CARACAS, Venezuela – A senior U.S. diplomat was scheduled to meet Tuesday with Venezuelan officials to jumpstart dialogue between the normally hostile governments as the socialist-run nation is torn apart by daily food protests and a campaign to oust President Nicolas Maduro.
Thomas Shannon, a career diplomat with extensive experience in Latin America, flew to Caracas after weeks of looting and hunger riots in Venezuela. The riots led to hundreds of arrests and several deaths.
State Department spokesman John Kirby said Shannon, who now serves as undersecretary of state for political affairs, hoped to foster dialogue about the social, economic and political challenges facing the oil-rich country. He was to meet with leading opposition figures and was also expected to meet with Maduro and other government representatives.
The visit comes as the Organization of American States is set to meet later in the week in Washington to debate the mounting crisis and weigh sanctioning Maduro for allegedly stamping out political dissent in violation of regional commitments to democracy.
Maduro used the diplomatic mission as a cudgel to batter his critics. In televised statements, he returned to one of his favourite topics: What he describes as the childish stubbornness of the country’s political opposition.
“I think it is very good that we are taking these steps with the U.S.,” he said. “I only wish the Venezuelan opposition would engage in serious, transparent dialogue in the same way.”
The opposition held talks with Maduro two years ago after bloody anti-government protests swept the nation, but that dialogue eventually dissolved without bearing fruit. Today, government opponents are taking a different tack, organizing around a recall referendum they hope will lead to Maduro being removed from office this year with one of their own potentially to replace him.
Thousands of Caracas residents stood in a warm drizzle Tuesday waiting to verify their signatures on a recall petition by having their fingerprints taken. The weeklong verification drive began Monday and is the first of a series of steps in the byzantine recall process. People in the lines said they were glad to wait and see the recall as the best way to remedy the shortages and triple-digit inflation that are forcing many here to skip meals.
Food protests continued to pop up in the capital on Tuesday. A small group of residents stopped traffic near a Caracas slum, while in a wealthy neighbourhood people hung banners saying “we are hungry.”
Shannon, a former ambassador to Brazil, steps into the quagmire with an uncertain outcome. A procession of visits he made last year to Caracas yielded no tangible results, setting low expectations that this trip could result in a breakthrough on releasing political prisoners and calls for the referendum to move forward.
The U.S. and Venezuela haven’t exchanged ambassadors since 2010, and even when announcing Shannon’s visit last week at a summit in the Dominican Republic, U.S. Secretary of State John Kerry and his Venezuelan counterpart could barely hold back the animosity that has long characterized relations.

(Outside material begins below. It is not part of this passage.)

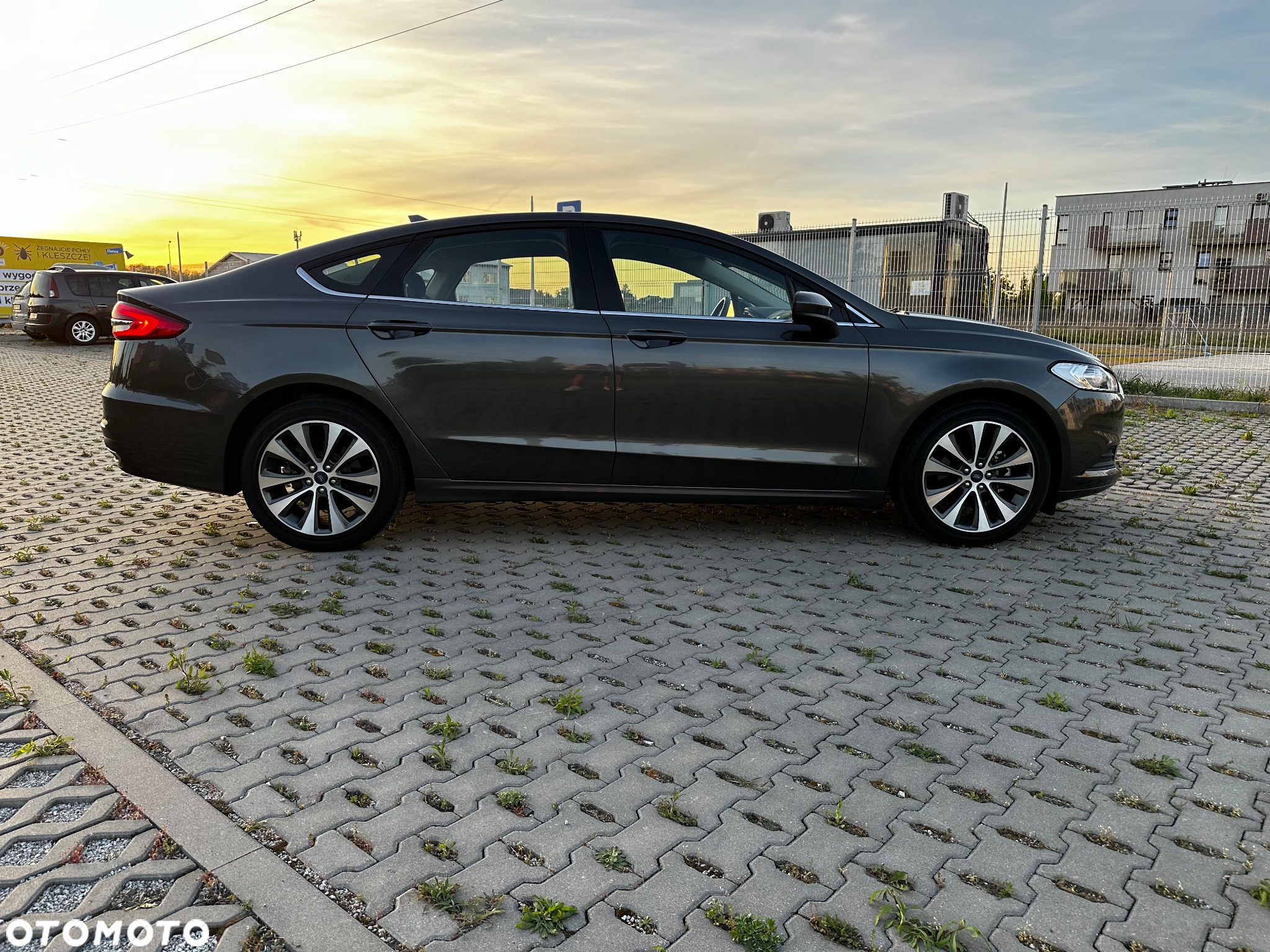 Ford Fusion 2.0 EcoBoost Titanium - 4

But as Venezuela unravels, U.S. officials are increasingly concerned about the risk of further bloodshed and a humanitarian crisis that could spill across its borders and undermine President Barack Obama’s legacy in a region where he made history by reopening relations with Cuba.
Members of the opposition say the recall drive and food riots have caused the government to tighten control over critics. Human rights groups say intolerance for dissent has led to the jailing of dozens of people they consider of political prisoners.
Over the weekend, officials arrested two opposition activists who had been travelling outside of Caracas to participate in the validation process. On Tuesday, Human Rights Watch denounced the arrests and called on authorities to produce a legal rationale for holding the men or release them immediately.